#### Task description:
A verbatim reproduction of the following listing is required; omit the pictures.

[Source data — start]

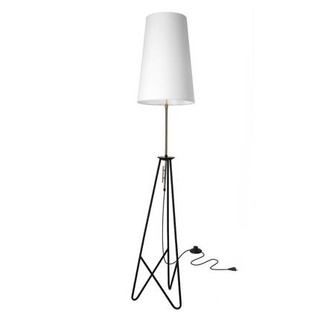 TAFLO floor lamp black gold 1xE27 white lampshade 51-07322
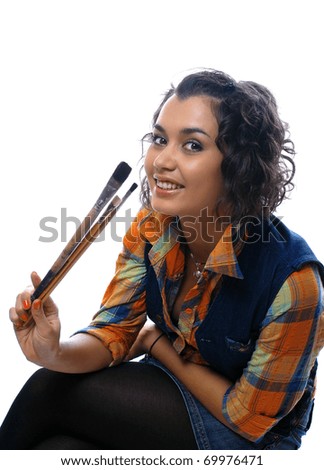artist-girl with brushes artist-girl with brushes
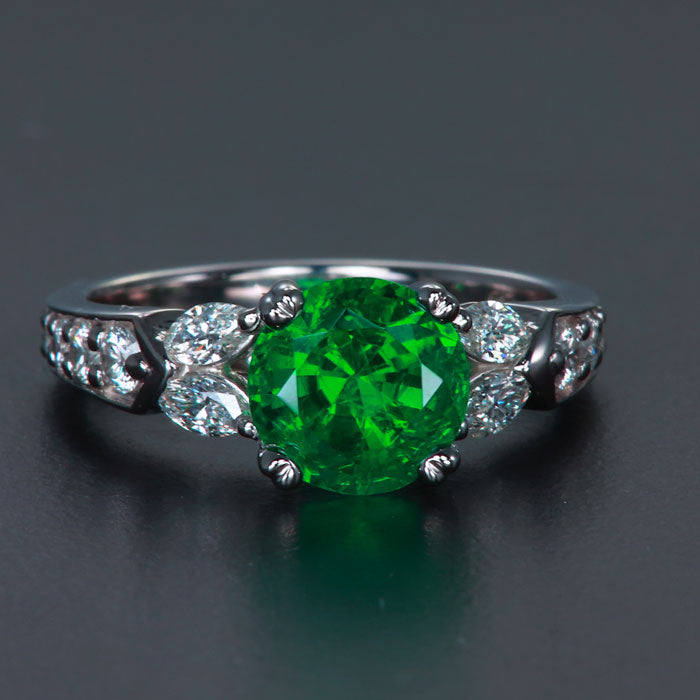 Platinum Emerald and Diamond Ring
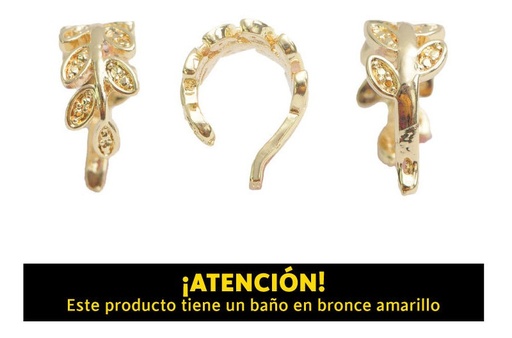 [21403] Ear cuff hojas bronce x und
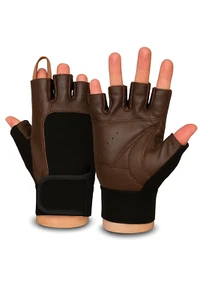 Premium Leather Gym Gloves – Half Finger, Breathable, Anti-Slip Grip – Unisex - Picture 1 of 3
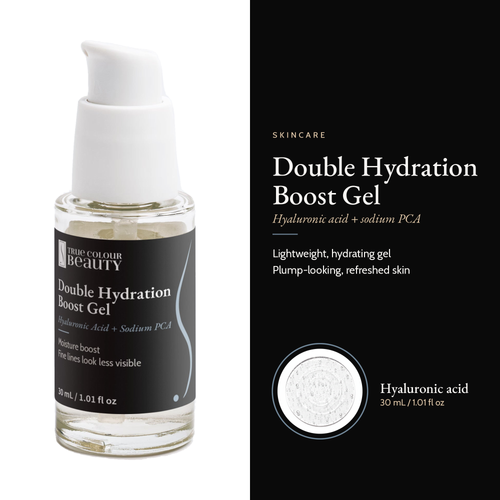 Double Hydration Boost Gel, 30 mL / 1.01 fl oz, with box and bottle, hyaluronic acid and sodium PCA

[Source data — finish]

#### Solution to the exercise:
 TAFLO floor lamp black gold 1xE27 white lampshade 51-07322
artist-girl with brushes artist-girl with brushes
 Platinum Emerald and Diamond Ring
 [21403] Ear cuff hojas bronce x und
 Premium Leather Gym Gloves – Half Finger, Breathable, Anti-Slip Grip – Unisex - Picture 1 of 3
 Double Hydration Boost Gel, 30 mL / 1.01 fl oz, with box and bottle, hyaluronic acid and sodium PCA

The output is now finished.